*** Data excerpts ***

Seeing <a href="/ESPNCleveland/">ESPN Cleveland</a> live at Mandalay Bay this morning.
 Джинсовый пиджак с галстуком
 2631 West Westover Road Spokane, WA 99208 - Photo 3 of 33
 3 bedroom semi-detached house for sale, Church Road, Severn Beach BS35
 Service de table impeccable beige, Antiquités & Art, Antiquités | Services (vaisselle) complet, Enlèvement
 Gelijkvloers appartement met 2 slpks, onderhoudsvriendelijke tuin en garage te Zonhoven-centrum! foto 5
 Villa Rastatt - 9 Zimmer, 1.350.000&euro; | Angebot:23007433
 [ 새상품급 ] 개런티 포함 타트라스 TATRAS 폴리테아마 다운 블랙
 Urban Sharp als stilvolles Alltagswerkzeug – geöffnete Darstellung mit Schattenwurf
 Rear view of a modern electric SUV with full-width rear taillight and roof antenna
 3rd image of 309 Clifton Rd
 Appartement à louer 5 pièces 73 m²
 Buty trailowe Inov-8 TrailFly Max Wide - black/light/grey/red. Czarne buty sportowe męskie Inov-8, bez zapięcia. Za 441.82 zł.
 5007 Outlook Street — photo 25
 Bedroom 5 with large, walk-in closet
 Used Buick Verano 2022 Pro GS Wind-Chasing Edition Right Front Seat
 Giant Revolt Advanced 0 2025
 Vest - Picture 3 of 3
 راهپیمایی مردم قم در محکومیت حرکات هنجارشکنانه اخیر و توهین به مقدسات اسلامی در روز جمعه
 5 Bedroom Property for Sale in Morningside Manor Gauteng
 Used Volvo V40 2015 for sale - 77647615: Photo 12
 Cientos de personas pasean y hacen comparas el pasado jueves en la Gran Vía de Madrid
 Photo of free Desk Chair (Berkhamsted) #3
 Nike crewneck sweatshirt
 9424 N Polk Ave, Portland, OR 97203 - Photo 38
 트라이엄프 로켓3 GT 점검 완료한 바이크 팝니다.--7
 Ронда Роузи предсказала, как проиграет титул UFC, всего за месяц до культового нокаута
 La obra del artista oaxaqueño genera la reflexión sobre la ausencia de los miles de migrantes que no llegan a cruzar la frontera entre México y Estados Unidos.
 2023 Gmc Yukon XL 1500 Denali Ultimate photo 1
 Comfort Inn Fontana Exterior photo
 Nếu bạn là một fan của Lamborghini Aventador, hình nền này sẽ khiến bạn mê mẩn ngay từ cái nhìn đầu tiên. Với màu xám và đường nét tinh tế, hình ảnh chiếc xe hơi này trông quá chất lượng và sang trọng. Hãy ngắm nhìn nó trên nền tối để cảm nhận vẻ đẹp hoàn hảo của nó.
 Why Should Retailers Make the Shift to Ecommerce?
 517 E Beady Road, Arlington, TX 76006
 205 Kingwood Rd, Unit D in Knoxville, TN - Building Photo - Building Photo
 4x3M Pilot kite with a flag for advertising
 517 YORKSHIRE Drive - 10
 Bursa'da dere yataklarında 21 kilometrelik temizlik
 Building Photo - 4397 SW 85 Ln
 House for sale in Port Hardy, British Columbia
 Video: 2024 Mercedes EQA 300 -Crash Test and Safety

*** End of Data excerpts ***

**What to produce:** Nothing but the exact lines of the data above, from the line containing "[ 새상품급 ] 개런티 포함 타트라스 TATRAS 폴리테아마 다운 블랙" through the last, should appear in the answer.

**Expected output:**
 [ 새상품급 ] 개런티 포함 타트라스 TATRAS 폴리테아마 다운 블랙
 Urban Sharp als stilvolles Alltagswerkzeug – geöffnete Darstellung mit Schattenwurf
 Rear view of a modern electric SUV with full-width rear taillight and roof antenna
 3rd image of 309 Clifton Rd
 Appartement à louer 5 pièces 73 m²
 Buty trailowe Inov-8 TrailFly Max Wide - black/light/grey/red. Czarne buty sportowe męskie Inov-8, bez zapięcia. Za 441.82 zł.
 5007 Outlook Street — photo 25
 Bedroom 5 with large, walk-in closet
 Used Buick Verano 2022 Pro GS Wind-Chasing Edition Right Front Seat
 Giant Revolt Advanced 0 2025
 Vest - Picture 3 of 3
 راهپیمایی مردم قم در محکومیت حرکات هنجارشکنانه اخیر و توهین به مقدسات اسلامی در روز جمعه
 5 Bedroom Property for Sale in Morningside Manor Gauteng
 Used Volvo V40 2015 for sale - 77647615: Photo 12
 Cientos de personas pasean y hacen comparas el pasado jueves en la Gran Vía de Madrid
 Photo of free Desk Chair (Berkhamsted) #3
 Nike crewneck sweatshirt
 9424 N Polk Ave, Portland, OR 97203 - Photo 38
 트라이엄프 로켓3 GT 점검 완료한 바이크 팝니다.--7
 Ронда Роузи предсказала, как проиграет титул UFC, всего за месяц до культового нокаута
 La obra del artista oaxaqueño genera la reflexión sobre la ausencia de los miles de migrantes que no llegan a cruzar la frontera entre México y Estados Unidos.
 2023 Gmc Yukon XL 1500 Denali Ultimate photo 1
 Comfort Inn Fontana Exterior photo
 Nếu bạn là một fan của Lamborghini Aventador, hình nền này sẽ khiến bạn mê mẩn ngay từ cái nhìn đầu tiên. Với màu xám và đường nét tinh tế, hình ảnh chiếc xe hơi này trông quá chất lượng và sang trọng. Hãy ngắm nhìn nó trên nền tối để cảm nhận vẻ đẹp hoàn hảo của nó.
 Why Should Retailers Make the Shift to Ecommerce?
 517 E Beady Road, Arlington, TX 76006
 205 Kingwood Rd, Unit D in Knoxville, TN - Building Photo - Building Photo
 4x3M Pilot kite with a flag for advertising
 517 YORKSHIRE Drive - 10
 Bursa'da dere yataklarında 21 kilometrelik temizlik
 Building Photo - 4397 SW 85 Ln
 House for sale in Port Hardy, British Columbia
 Video: 2024 Mercedes EQA 300 -Crash Test and Safety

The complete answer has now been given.